When you’re done running the sequencer, make sure to run ./run.sh down.

Using the Canton Binary instead of docker

If you wish to run the domain and participants separately (with the canton binary or jar), you can do so as follows:

Single sequencer:

<<canton-release>>/examples/e01-fabric-domain/canton-on-fabric$ ./run.sh single -only-sequencer

<<canton-release>>/examples/e01-fabric-domain/canton-on-fabric$ ../../../bin/canton -c "config/canton/demo.conf" --bootstrap "config/canton/demo.canton"

Multiple sequencers:

<<canton-release>>/examples/e01-fabric-domain/canton-on-fabric$ ./run.sh multiple -only-sequencer

<<canton-release>>/examples/e01-fabric-domain/canton-on-fabric$ ../../../bin/canton -c "config/canton/demo.conf" --bootstrap "config/canton/demo.canton"

The -only-sequencer flag makes sure that the script does not start the domain and participants, allowing us to run it ourselves with the canton binary or the jar.

If you wish to run the jar file instead of the canton binary, simply replace ../../../bin/canton above with java -jar ../../../lib/canton-enterprise-*.jar.

Fabric Setup

The Fabric Sequencer operates on top of the Fabric Ledger and uses it as the source of truth for the state of the sequencer (all the messages and the order of them).

In order for The Fabric Sequencer to work, all it needs is access to a Fabric Ledger that has been setup with at least one channel where the Canton Sequencer chaincode has been installed.

In order to configure access to the ledger, please follow the notes and example show in examples/e01-fabric-domain/canton-on-fabric/config/fabric/fabric-config-1.conf. You’ll need to provide the necessary urls and files as described in the sample config.

Regarding the chaincode setup, the Fabric Sequencer expects that the chaincode is initialized by calling the function init (no arguments needed) and with the --isInit flag turned on. You can find the chaincode source at /ledger-setup/chaincode/src/github.com/digital-asset/sequencer.

Block Cutting Parameters and Performance

It is possible to configure the block cutting parameters of the ledger by changing the file at ledger-setup/configtx/configtx.yaml.

The relevant parameters are the following:

  • Orderer.BatchTimeout: The amount of time to wait before creating a block.
  • Orderer.BatchSize.MaxMessageCount: The maximum number of transactions to permit in a block (block size).

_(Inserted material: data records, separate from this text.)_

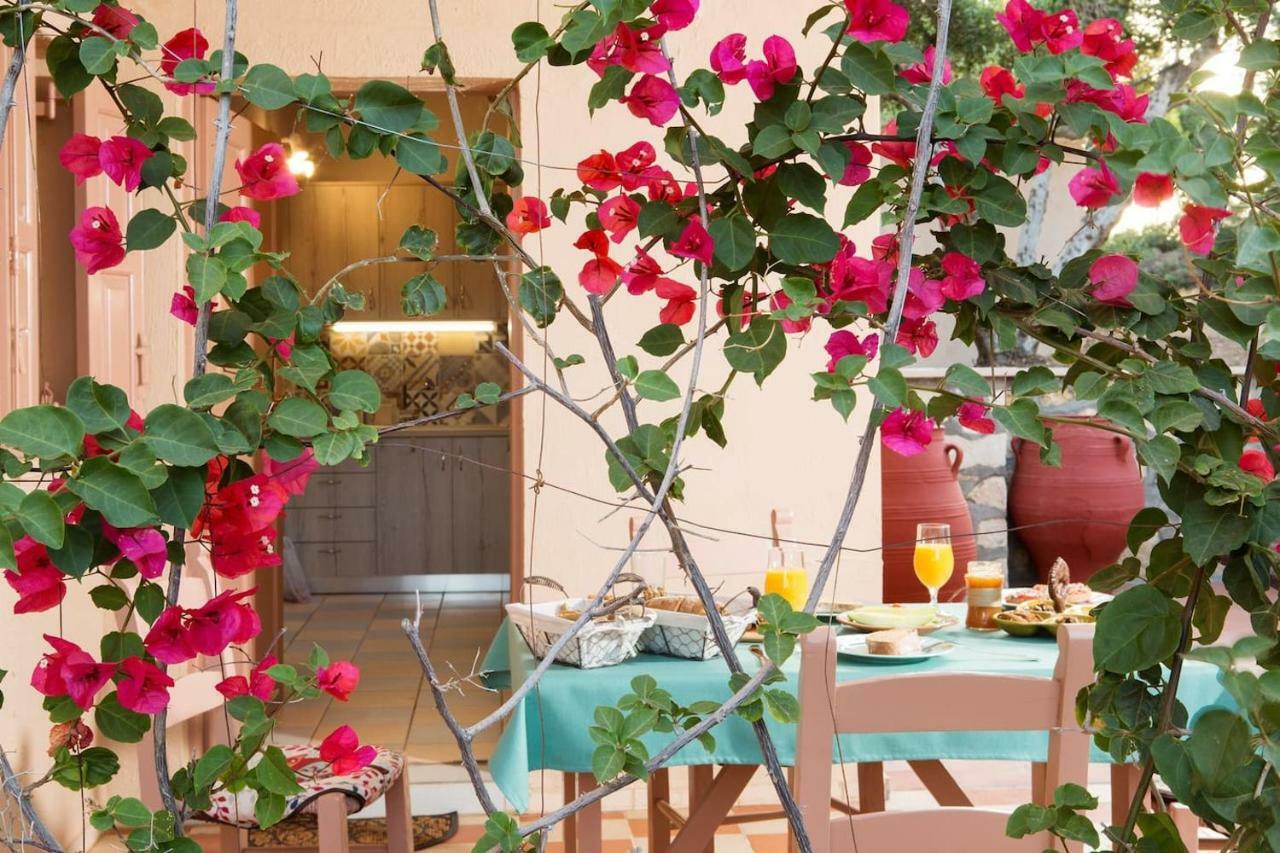 White Sand Villa. Spacious Villa With Prive Pool. Agia Pelagia Екстериор снимка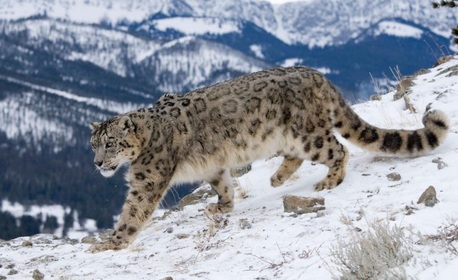 Mumbai, Travel, Spiti Valley Snow Leopard Tours | Wildlife Expedition With Raacho Trekkers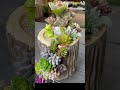 lindo arranjo com Suculentas. beautiful arrangement with succulents.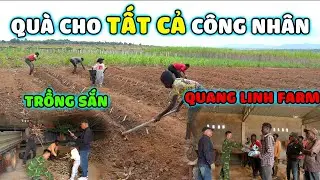 Quanglinhvlogs || Quà Tặng Cho Tất Cả Công Nhân Tại Quang Linh Farm - Công Cuộc Trồng Sắn...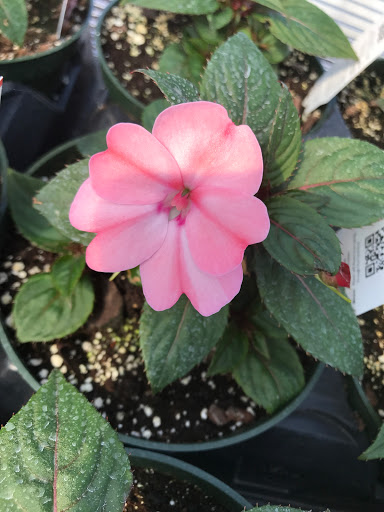 Garden Center «Lake Anna Nursery», reviews and photos, 71 Oak Grove Dr, Mineral, VA 23117, USA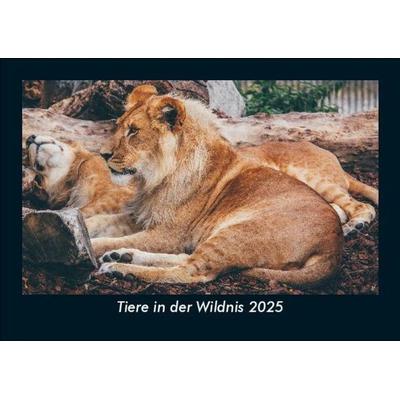 Tiere in der Wildnis 2025 Fotokalender DIN A5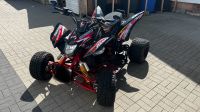 AEON Cobra 400cc Nordrhein-Westfalen - Warburg Vorschau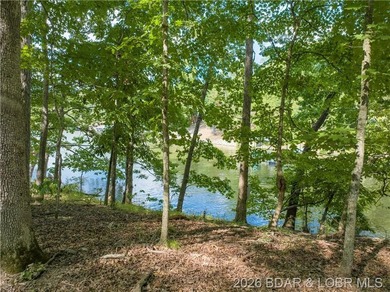 !.6 acres on beautiful Lake of the Ozarks. Gentle sloping lot - photo 30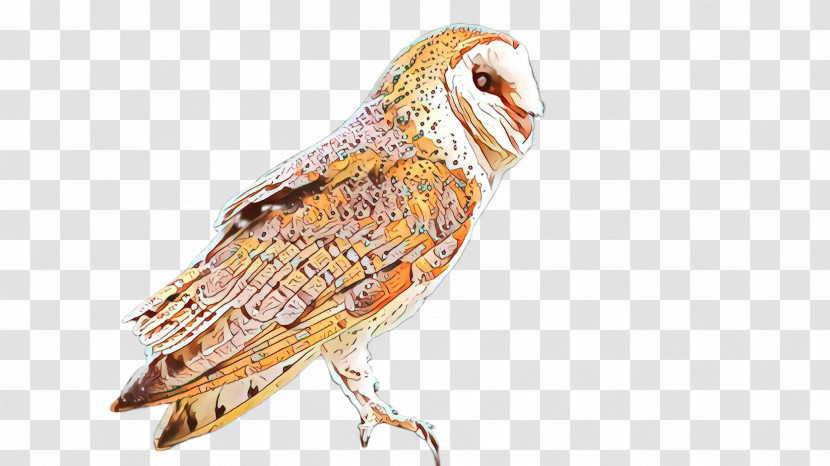 Barn Owl Bird Owl Beak Bird Of Prey Transparent PNG
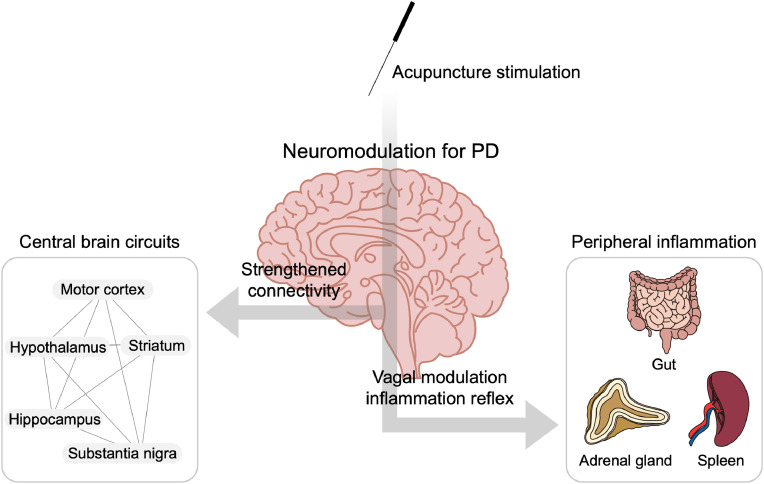 Potential role of acupuncture in the treatment of Parkinson's disease: A narrative review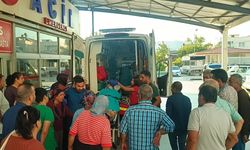 Kozan’da kestiği ağaç üzerine devrilen kişi ağır yaralandı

If your use case operates under high traffic, you may benefit from increasing the block size in order to increase your throughput at the expense of latency. If you care more about latency and don’t need to support high traffic, then decreasing block size will be of help.

Currently, we have set the values of 200ms for batch timeout and 50 for block size as it has empirically shown to be a good tradeoff after some rounds of long running tests, but feel free to pick parameters that fit your use-case best.